Androcles and the Lion (After Shaw)
Long ago there lived a little Greek tailor, whose name was Androcles. He lived in a small village in the Italian countryside not very far from Rome. Androcles was a very ordinary little man and it is very probable that no-one would have ever heard his name again if he hadn't wandered down into the city square one bright sunny morning and come across a great crowd of people listening to a man who was preaching.
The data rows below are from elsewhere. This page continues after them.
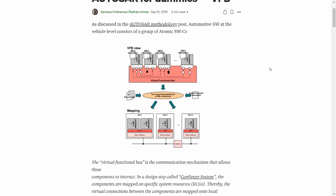Between ECUs, the communication can happen via CAN network or any other communication protocol. From the application software component, the data passes through the RTE, then to the basic software, then to the CAN driver, and it passes via the CAN bus. It is then received by the next ECU's basic software, then by the RTE, and then the next software component receives it.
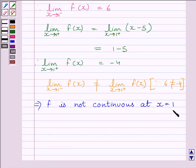This is our required answer. This completes the session. Hope you understood the session. Goodbye.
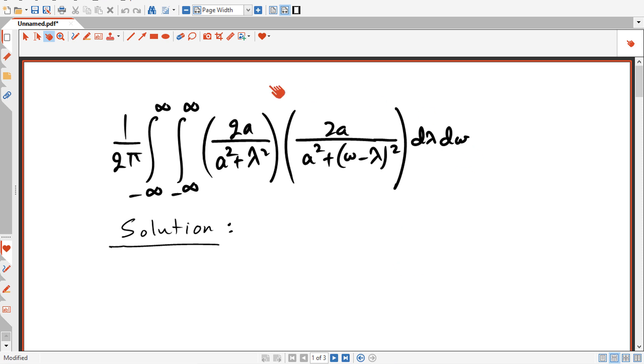Hello everybody. I'm going to teach you today how to solve for this double integral and we're going to start right now.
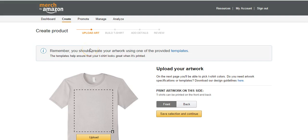What is up guys, Rules for Rebels here. In today's video I wanted to show you guys how to upload a shirt onto Amazon Merch. I know some of you are going to think this is really basic. It's literally as simple as clicking upload, selecting your design, and then going through and putting in your title, bullet points, and description.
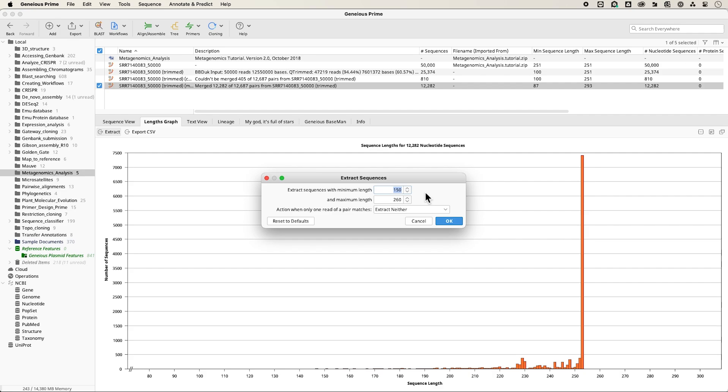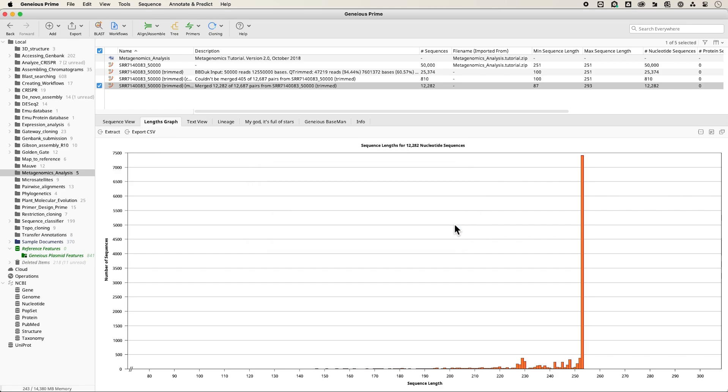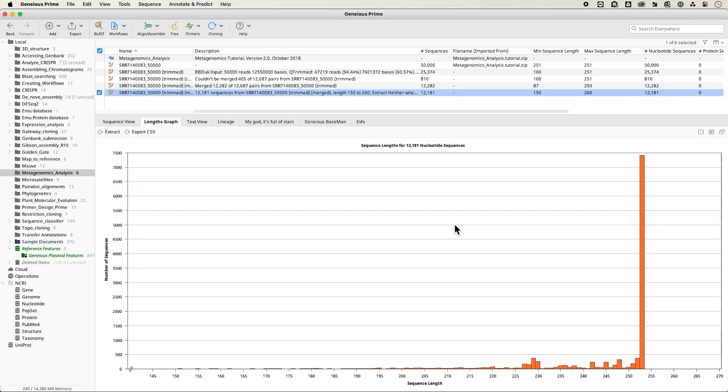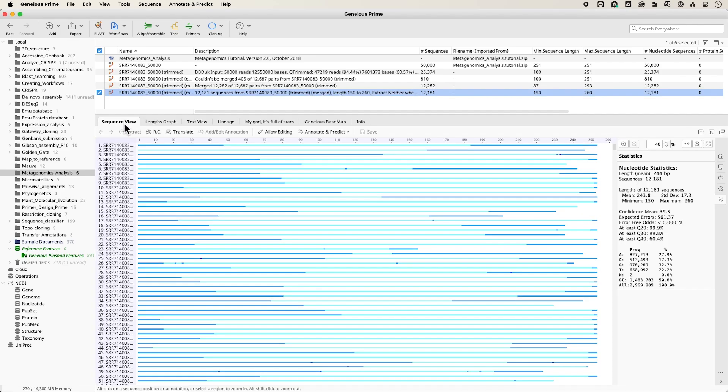Simply click Extract on the length graph and specify the desired range, such as between 150 and 260 base pairs. And that is how you pre-process your Amplicon data in Genius Prime.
Now in those days the Roman empire stretched all over the known world from Britain to Egypt and from Spain to Palestine and the Roman emperor was the most important man in the whole world. In fact he was so very important and everyone was so frightened of him that the silly fellow imagined that he was a God. Nobody had the courage to tell him that he wasn't.
The Roman empire had fallen into a certain degree of decay owing to the very decadent life-style at court in Rome. For the emperor's amusement, men would fight each other to the death in the arena of the great Colosseum. When the emperor and his friends became bored with this, they devised even more horrible forms of entertainment. Throwing people to the. lions and other wild animals for their amusement, and other things too terrible for me to tell you about.
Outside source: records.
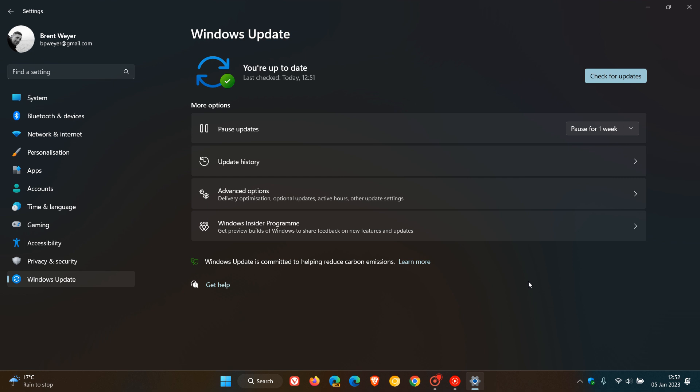Now it goes without saying that stopping important security updates from being installed on your device automatically is not advised because in most cases they do address and patch important security flaws or fix critical issues in the operating system.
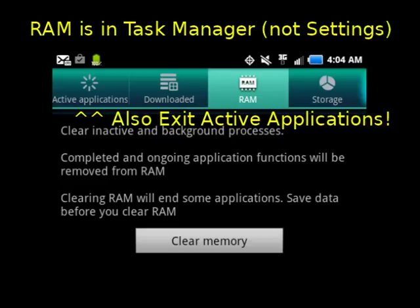Of course, you can always reboot, but between clearing your cache and history, and the cookies in Dolphin, and clearing your RAM, you should be good to go.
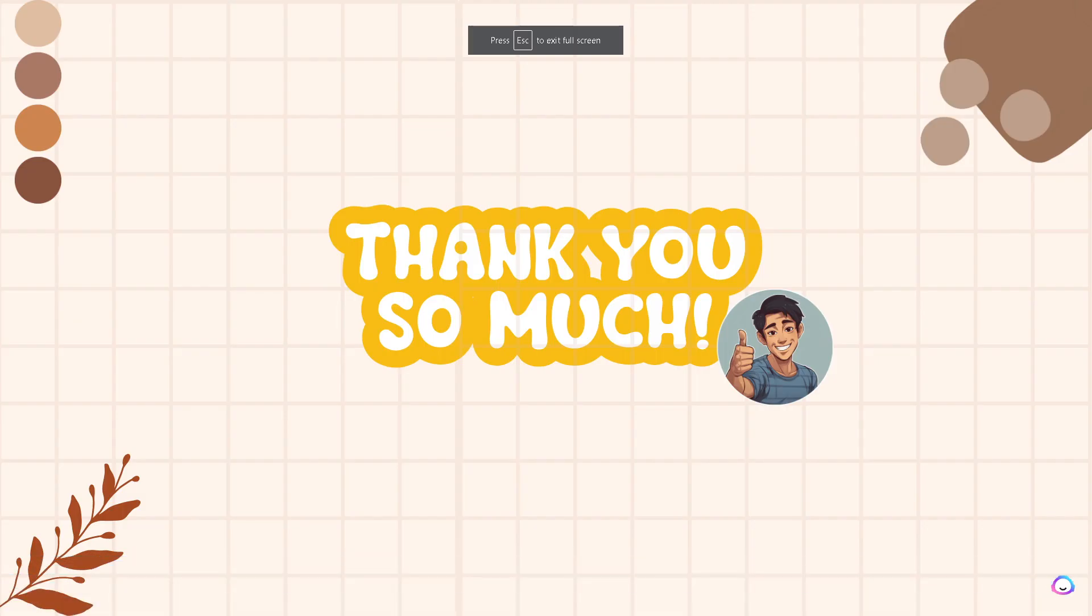That concludes our video for today. Thank you so much for watching, guys. We will see you again in our next video.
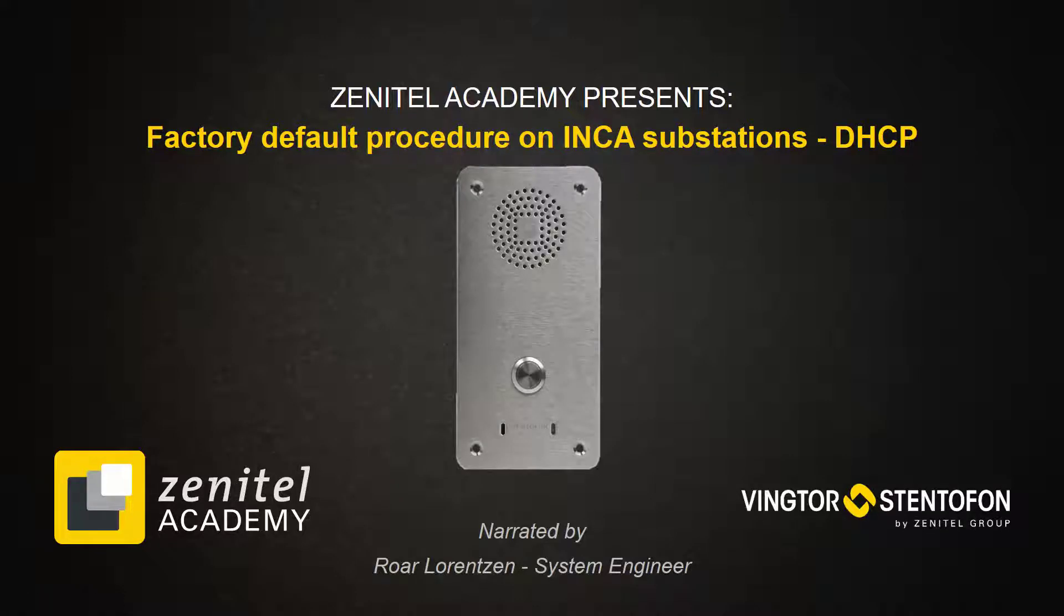Hi and welcome to this short video showing how to perform the factory default procedure on an Inca substation resulting in a DHCP given IP address.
When the new faith of Christianity started to spread the emperor and all his statesmen and governors were furiously angry, and terrified that they would lose their power. Whenever they managed to catch little groups of Christians, they would force them to say their prayers to the emperor and, if they refused to do this, they would throw them to the lions in the Colosseum. They thought in this way that they could extinguish the flame of Christianity, but the more they persecuted them the more brightly it burnt.
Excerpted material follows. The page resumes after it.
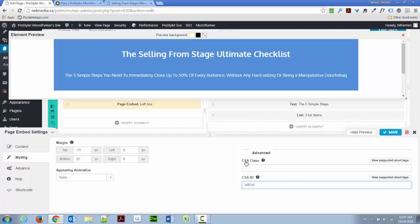CSS class is when you want to use that multiple times on the page. If you really want to use it just once, I prefer to use ID, because this is more powerful, let's say it's like that, than a class. But of course, if you want to use that multiple times on a page, you cannot use an ID, you need to use a class.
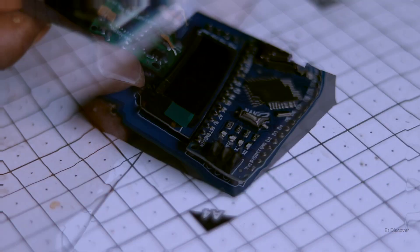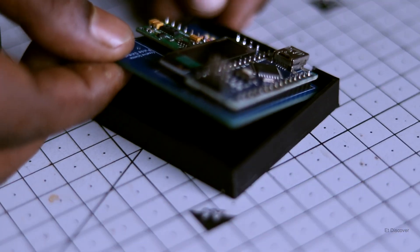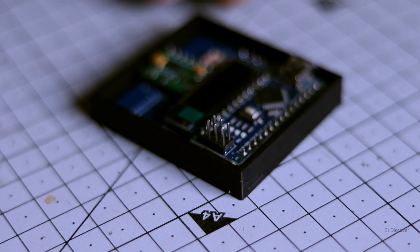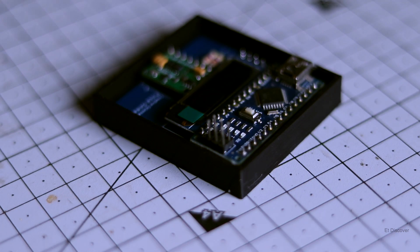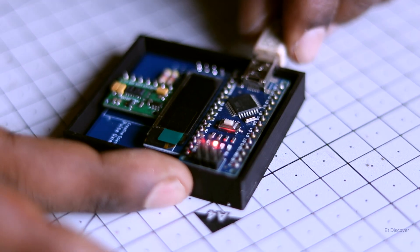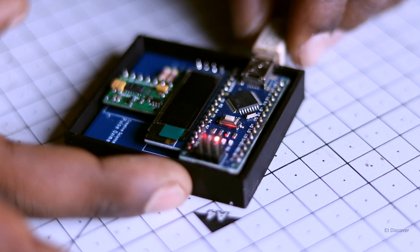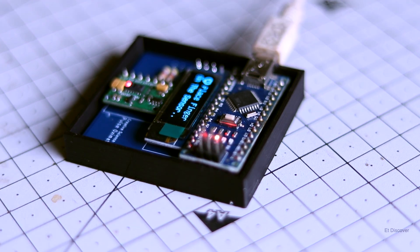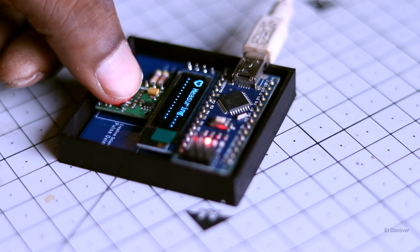So finally I made a small 3D printed box for this for looking good. Maybe you can make a better box for it for more decent look. So you can see once again, my oximeter is showing me good accurate results.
When Androcles wandered into the city square, he was amazed to hear a man standing up on a box and telling everyone about Jesus. Androcles listened, absolutely fascinated. He had never really thought that the emperor was God, but like everybody else he pretended to. He had never really believed in Jupiter and Mars, Venus and all the others, in fact he had never really thought about it at all.
But when he listened to the words of the strange preacher it was as though a window suddenly opened in his dull life and sunlight came streaming in. When the crowd had gone, Androcles went shyly up to the preacher and started to talk to him when a cohort of soldiers came suddenly round the corner.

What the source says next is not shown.